[DATA]

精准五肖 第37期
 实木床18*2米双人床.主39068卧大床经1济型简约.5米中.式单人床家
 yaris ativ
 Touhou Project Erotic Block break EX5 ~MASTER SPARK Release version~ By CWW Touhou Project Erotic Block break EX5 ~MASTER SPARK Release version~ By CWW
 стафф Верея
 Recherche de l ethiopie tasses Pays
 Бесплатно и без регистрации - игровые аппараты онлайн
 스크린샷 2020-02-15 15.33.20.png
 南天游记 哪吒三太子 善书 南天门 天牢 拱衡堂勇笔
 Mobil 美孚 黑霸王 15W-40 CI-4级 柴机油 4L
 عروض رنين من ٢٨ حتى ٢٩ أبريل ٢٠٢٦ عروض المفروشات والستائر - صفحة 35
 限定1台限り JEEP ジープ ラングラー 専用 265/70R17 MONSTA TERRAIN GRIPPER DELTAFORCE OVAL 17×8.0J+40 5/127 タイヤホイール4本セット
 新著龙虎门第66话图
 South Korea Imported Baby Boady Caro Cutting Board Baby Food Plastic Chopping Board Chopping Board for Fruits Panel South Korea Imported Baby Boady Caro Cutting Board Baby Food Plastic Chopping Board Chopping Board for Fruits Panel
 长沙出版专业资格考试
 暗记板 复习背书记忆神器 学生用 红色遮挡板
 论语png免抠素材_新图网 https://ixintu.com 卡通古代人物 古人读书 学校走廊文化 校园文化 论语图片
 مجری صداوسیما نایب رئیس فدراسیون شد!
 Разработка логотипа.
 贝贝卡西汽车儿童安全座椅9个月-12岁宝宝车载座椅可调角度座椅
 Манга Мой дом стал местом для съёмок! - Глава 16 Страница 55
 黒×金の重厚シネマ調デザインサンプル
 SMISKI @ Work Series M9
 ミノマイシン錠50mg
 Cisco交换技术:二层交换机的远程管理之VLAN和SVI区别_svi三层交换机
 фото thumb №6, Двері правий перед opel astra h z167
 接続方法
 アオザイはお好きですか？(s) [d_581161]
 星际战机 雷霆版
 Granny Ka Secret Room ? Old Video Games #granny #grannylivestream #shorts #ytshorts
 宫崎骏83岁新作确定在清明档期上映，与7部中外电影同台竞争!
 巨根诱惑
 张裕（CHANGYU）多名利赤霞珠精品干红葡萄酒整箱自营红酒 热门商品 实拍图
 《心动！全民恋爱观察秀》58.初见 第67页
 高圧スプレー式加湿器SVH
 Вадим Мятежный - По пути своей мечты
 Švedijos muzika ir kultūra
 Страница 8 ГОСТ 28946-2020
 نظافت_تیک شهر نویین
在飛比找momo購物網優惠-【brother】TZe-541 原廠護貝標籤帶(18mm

[/DATA]

**PROBLEM DETAILS:**
Each of the records is to be written out again without alteration.

**SOLUTION:**
精准五肖 第37期
 实木床18*2米双人床.主39068卧大床经1济型简约.5米中.式单人床家
 yaris ativ
 Touhou Project Erotic Block break EX5 ~MASTER SPARK Release version~ By CWW Touhou Project Erotic Block break EX5 ~MASTER SPARK Release version~ By CWW
 стафф Верея
 Recherche de l ethiopie tasses Pays
 Бесплатно и без регистрации - игровые аппараты онлайн
 스크린샷 2020-02-15 15.33.20.png
 南天游记 哪吒三太子 善书 南天门 天牢 拱衡堂勇笔
 Mobil 美孚 黑霸王 15W-40 CI-4级 柴机油 4L
 عروض رنين من ٢٨ حتى ٢٩ أبريل ٢٠٢٦ عروض المفروشات والستائر - صفحة 35
 限定1台限り JEEP ジープ ラングラー 専用 265/70R17 MONSTA TERRAIN GRIPPER DELTAFORCE OVAL 17×8.0J+40 5/127 タイヤホイール4本セット
 新著龙虎门第66话图
 South Korea Imported Baby Boady Caro Cutting Board Baby Food Plastic Chopping Board Chopping Board for Fruits Panel South Korea Imported Baby Boady Caro Cutting Board Baby Food Plastic Chopping Board Chopping Board for Fruits Panel
 长沙出版专业资格考试
 暗记板 复习背书记忆神器 学生用 红色遮挡板
 论语png免抠素材_新图网 https://ixintu.com 卡通古代人物 古人读书 学校走廊文化 校园文化 论语图片
 مجری صداوسیما نایب رئیس فدراسیون شد!
 Разработка логотипа.
 贝贝卡西汽车儿童安全座椅9个月-12岁宝宝车载座椅可调角度座椅
 Манга Мой дом стал местом для съёмок! - Глава 16 Страница 55
 黒×金の重厚シネマ調デザインサンプル
 SMISKI @ Work Series M9
 ミノマイシン錠50mg
 Cisco交换技术:二层交换机的远程管理之VLAN和SVI区别_svi三层交换机
 фото thumb №6, Двері правий перед opel astra h z167
 接続方法
 アオザイはお好きですか？(s) [d_581161]
 星际战机 雷霆版
 Granny Ka Secret Room ? Old Video Games #granny #grannylivestream #shorts #ytshorts
 宫崎骏83岁新作确定在清明档期上映，与7部中外电影同台竞争!
 巨根诱惑
 张裕（CHANGYU）多名利赤霞珠精品干红葡萄酒整箱自营红酒 热门商品 实拍图
 《心动！全民恋爱观察秀》58.初见 第67页
 高圧スプレー式加湿器SVH
 Вадим Мятежный - По пути своей мечты
 Švedijos muzika ir kultūra
 Страница 8 ГОСТ 28946-2020
 نظافت_تیک شهر نویین
在飛比找momo購物網優惠-【brother】TZe-541 原廠護貝標籤帶(18mm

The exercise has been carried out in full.